But hey, I really am starting to like DAGGER a whole lot more than I usually do, perhaps because it's one of the last of a dying breed (that I can anyone who's read this blog knows they still come out once in a blue ball!) and somehow sitting back in an easy chair and reading something like this is a whole lot more comfier'n sitting at a computer and typing/scrolling away. Latest ish is a wowzer, complete with an interview Hinely did with Babylon Dance Band/Antietam frontlady Tara Key (where she comes off like an everyday reg'lar rock fan...maybe I shouldn't've pissed all over her platters back then even if it seemed the proper thing to do!) and David Rick from Phantom Tollbooth. I guess Hinely has a thing for the eighties the same way I have one for the seventies. The piece on favorite old time record shops was boss, reminding me of the fun I used to have pouring through bins even if the only thing I could afford were cutouts and maybe a single. Too bad, because all of those records I would have loved to have owned'd cost me upwards of a few bank accounts these days but whatever, it's always nice to give DAGGER an eyeballing even if reading the reviews only tends to make me wonder...when exactly did I stop having that hankering for what was once called underground rock, and could it REALLY have been over a quarter-century ago???
Larry Young-GROOVE STREET LP (Prestige)

The first of the Young LPs I got via my last Forced Exposure order, this 'un one of if not thee first Young album recorded for Prestige way back when the budding organist was but a mere 21 years of age. Great early-sixties vibe to it with a heavy r-n-b bent that coulda gotten this slapped in at least two sections of your local record shop. Even at this early age Young was a pretty good master of the jazz/blues organ mode and not only that but he really had the keen sense to balance himself between stoic jazz standards and all out organ romps (like the title track) which coulda hit the local charts with a little editing and perhaps a lotta push.
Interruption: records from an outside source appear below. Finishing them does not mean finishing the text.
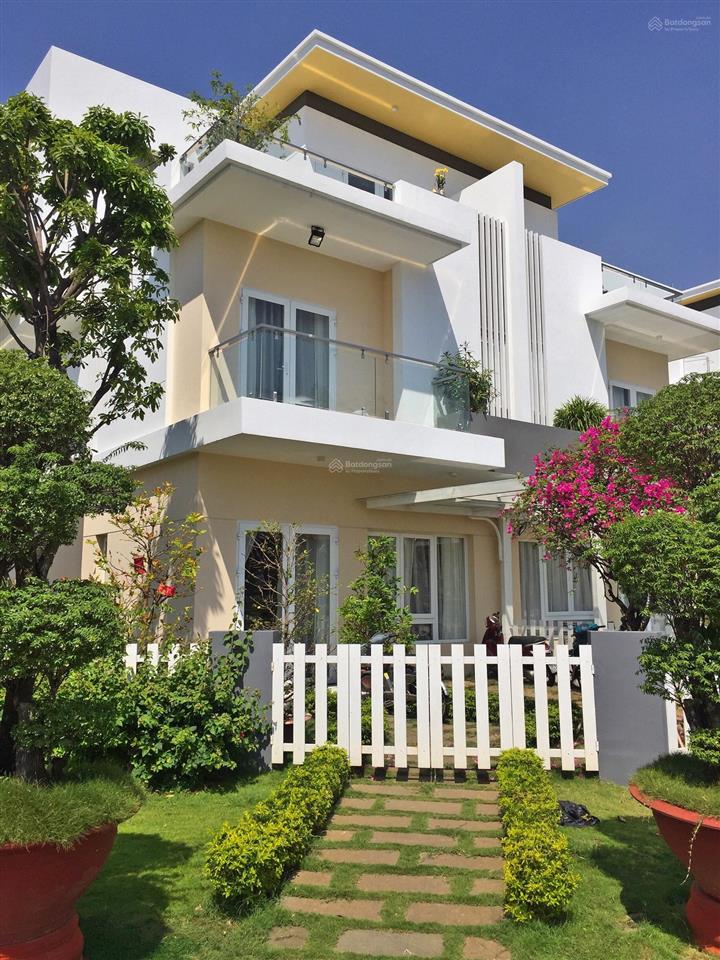 Chính chủ bán biệt thự melosa garden 8x18m gần hồ bơi. sổ hồng riêng. gọi ngay 0982 667 *** phan điền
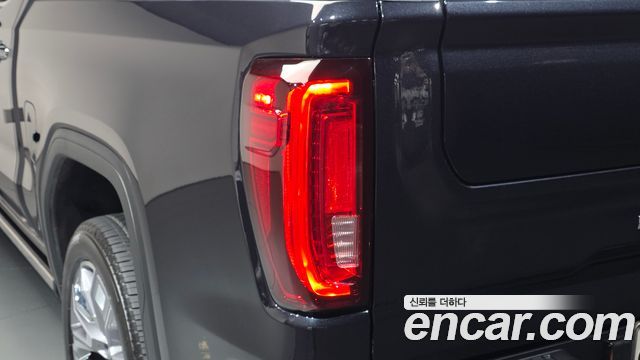 GMC Sierra 2023 — photo 9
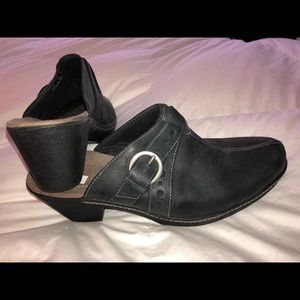 Clarks Size 11 Clogs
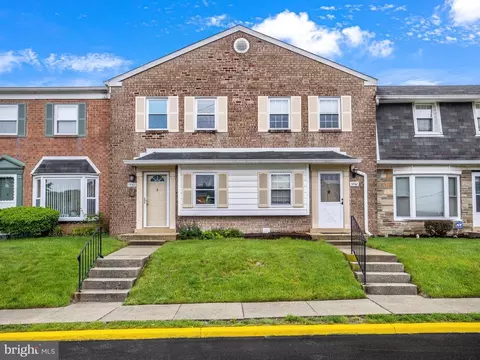 7860 Lakecrest Dr, Greenbelt, MD 20770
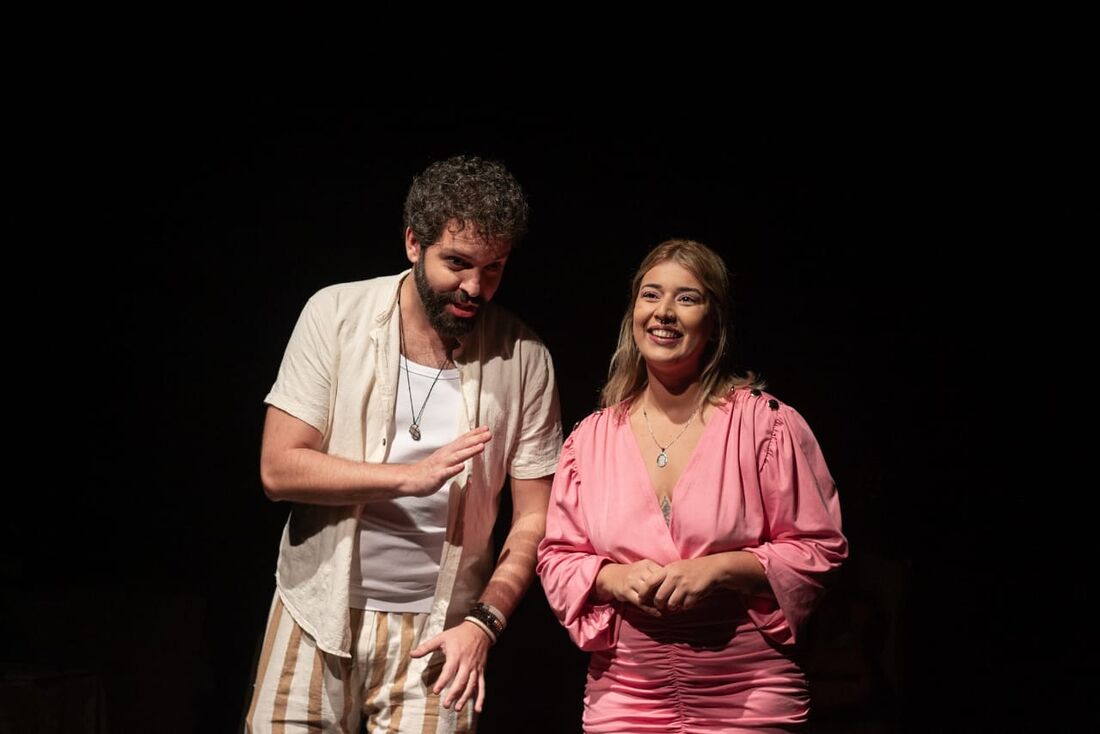 Atores Stephan Levita e  Rafaela Quintino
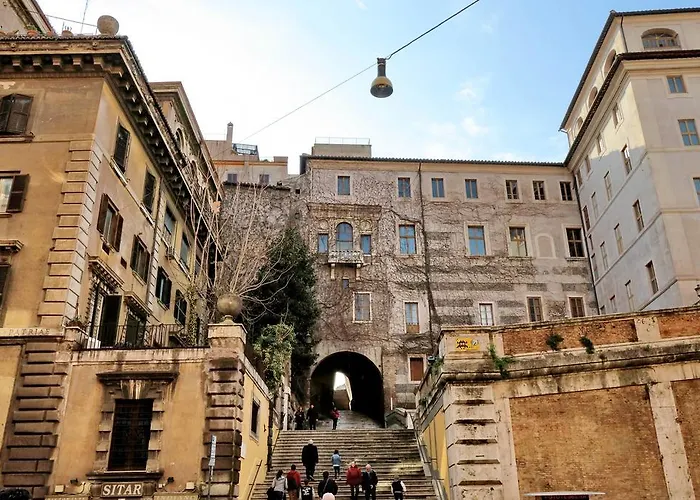 Elegant Vibia 300 Mt From Colosseum * 罗马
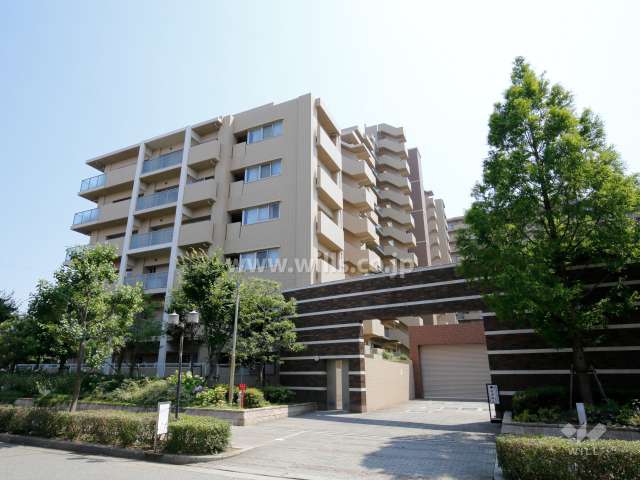 グリーンラグーナ甲子園 Ｄ棟の外観（北側から）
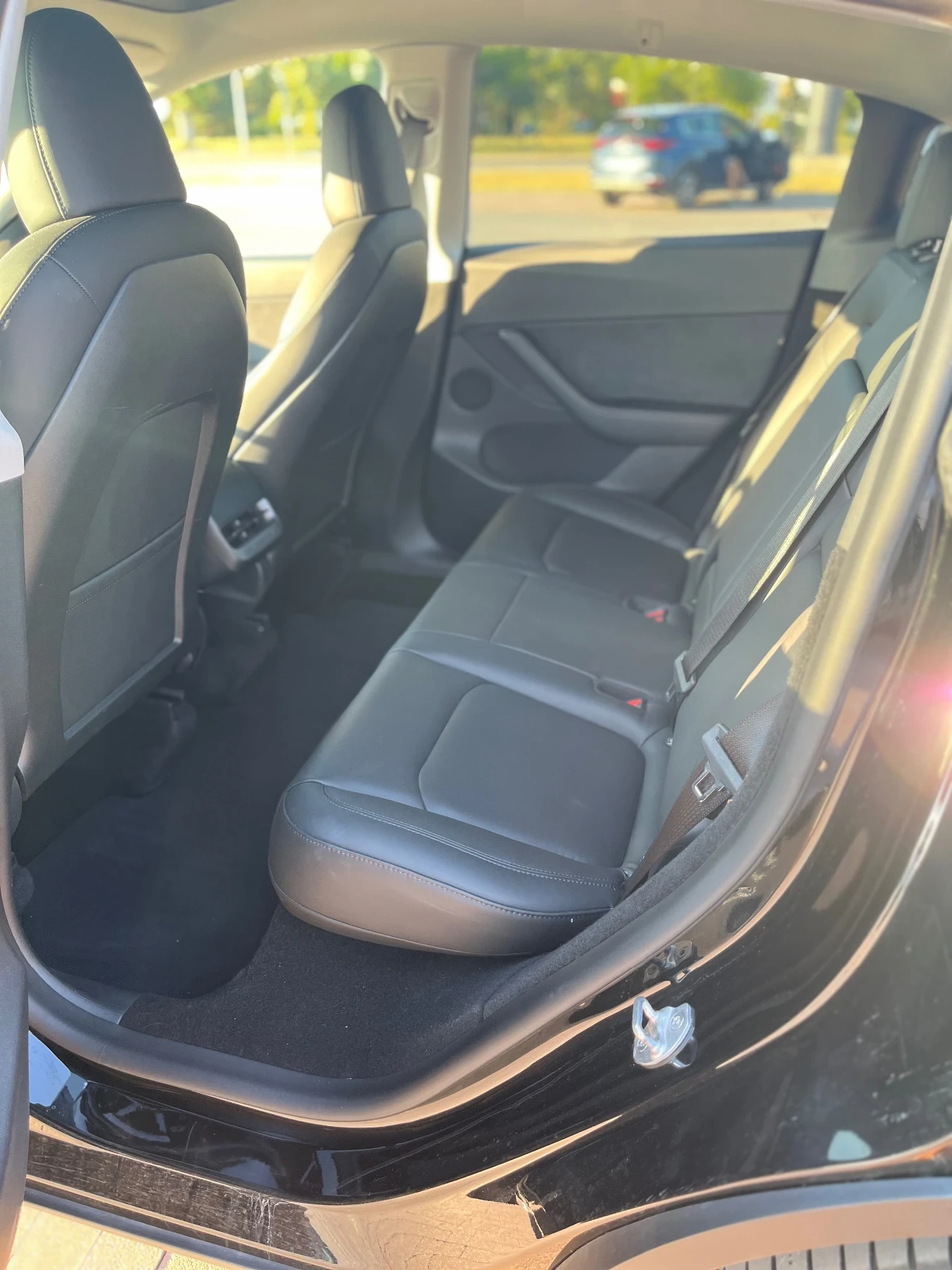 Tesla Model Y Long Range/ Dual Motor, снимка 12 - Автомобили и джипове - 56380627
And it all ends with a tribute to John Coltrane which just goes to show you that at one time that great saxman had been fermenting a rather huge following, and not amongst goony hippie dorks who grew into latte-sipping Euclids still mourning the loss of their local Borders!
Bill Popp & The Tapes-25X30 CD ( or you can try CD Baby like I did)
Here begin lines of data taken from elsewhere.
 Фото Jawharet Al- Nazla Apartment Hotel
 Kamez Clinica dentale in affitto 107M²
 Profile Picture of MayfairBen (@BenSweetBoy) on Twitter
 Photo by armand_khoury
Speaking of obscure New York groups (like I usually am), Bill Popp and the Tapes were but one of about a quadrillion of 'em trying to make themselves known in the burgh during the GA of underground hankerin's and beyond! But while many of these outta-nowhere group seemed to go by the wayside within the span of a few gigs, Popp managed to keep his Tapes going for nigh on thirty-plus years which must be a record for such a group that never was able to latch onto a big label deal or get alla the hotcha panting local rock critics to get their noses outta Madonna's hiney to take notice!
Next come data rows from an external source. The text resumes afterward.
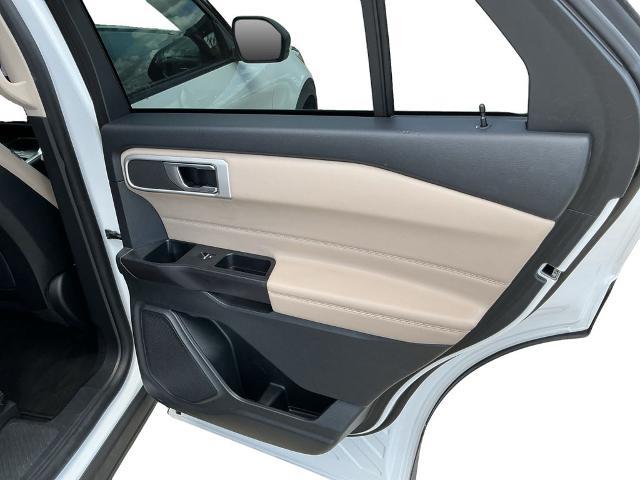 2020 Ford Explorer - $17,800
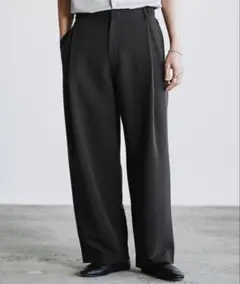 ARC CURVED AMUNDSEN SLACKS ブラック Mサイズ - メルカリ
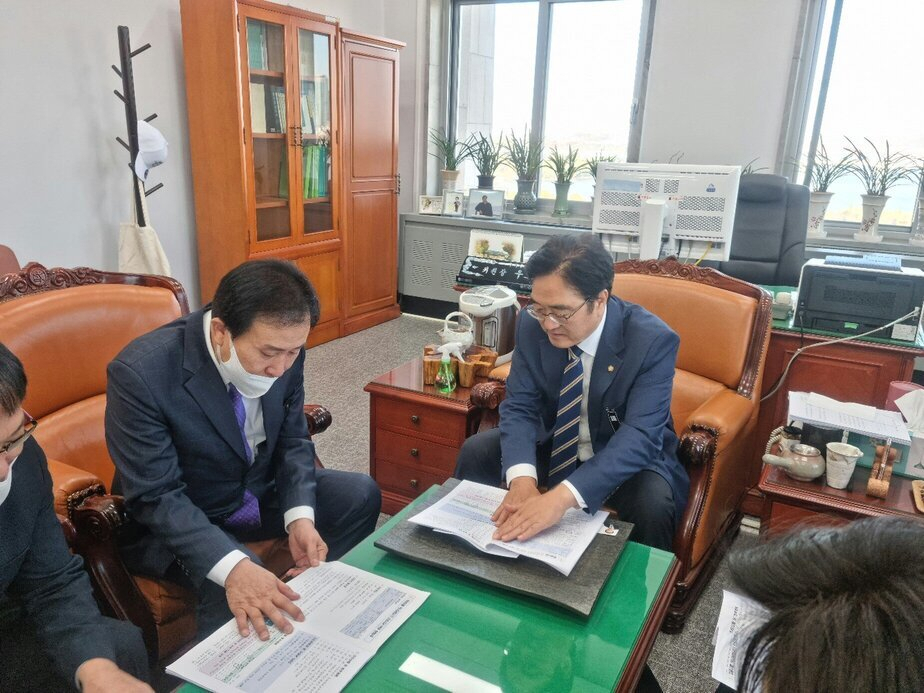 국회를 방문해 현안 예산을 설명하고 있는 박홍률시장(왼쪽)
I gotta admit, for a guy who is definitely not that big a fan of many of the new wave power pop groups who have been inundating us for quite some time, I liked Popp and his Tapes a whole lot. They're nothing that I would want to listen to on a steady basis staunch high energy snob that I am, but I find the music digestible enough in small, single-like doses. Popp's a pretty good composer too, and these numbuhs do show signs of a pop talent who shoulda gone somewhere but, like most of these under-the-covers acts, got lost in the shuffle. But hey at least Popp stuck it out while others keeled over in their tracks, and if you still thumb through your old power pop issue of BOMP! you might just get enough ennui-filled nostalgic pangs giving this sleeper a spin.
Pinataland-SONGS FOR THE FORGOTTEN FUTURE VOL. 2 CD ( or try CD Baby like I did)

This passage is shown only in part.